Towards the end of April, 2015, DRW received a call from the family of Bryce, a young man with a cognitive disability. Bryce — at 18 years old — was attending school 2 days a week and also attending a nearby Adult Development Center 3 days a week. This was part of his Individualized Education Program (IEP) that had been worked on by his high school. Bryce’s work placement at the Adult Development Center was supposed to be his transition program out of the school.
However, since Bryce was 18 years old, the school sent Bryce’s family his Notice of Graduation less than six weeks before the graduation date! Bryce’s family were shocked, as they had not thought the school had provided Bryce with enough education to release him yet. Staff at the school had claimed they had taught Bryce all they could, and that he could not learn anymore. Bryce’s parents disagreed, and contacted DRW for help.
DRW’s Jo Pelishek sat down with Bryce’s parents and staff members at Bryce’s school, and tried to help the school understand that Bryce needed more time there to learn employment and life skills. Since he was only eighteen, Bryce was eligible to access school services for three more years, until he was 21. Likewise, Jo brought up that Bryce’s work placement at the Adult Development Center was restrictive, and Bryce was not being taught many valuable job skills at the there. Jo tried encourage the school to get Bryce a community job, but she was told nothing was available in the small town. Jo talked about the possibility of a job that could be done at school, and eventually decided to do some research before the next meeting.

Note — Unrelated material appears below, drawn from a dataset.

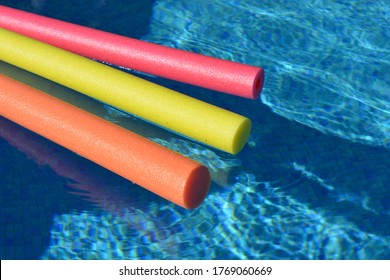 Red Orange Yellow Pool Noodles Floating Stock Photo 1769060669 ...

At the next meeting, DVR (Department of Vocational Rehabilitation) joined DRW in advocating for Bryce to remain in school, and we began the process of helping Bryce find employment. The school finally agreed to hold back a credit so Bryce could walk the graduation stage with his class, and then continued to offer Bryce supports and services. The school also set Bryce up with some jobs at the school until they could find him employment in the community. Although he met adversity along the way, his transition supports he received led to a job he loves, where he is considered to be a valuable employee.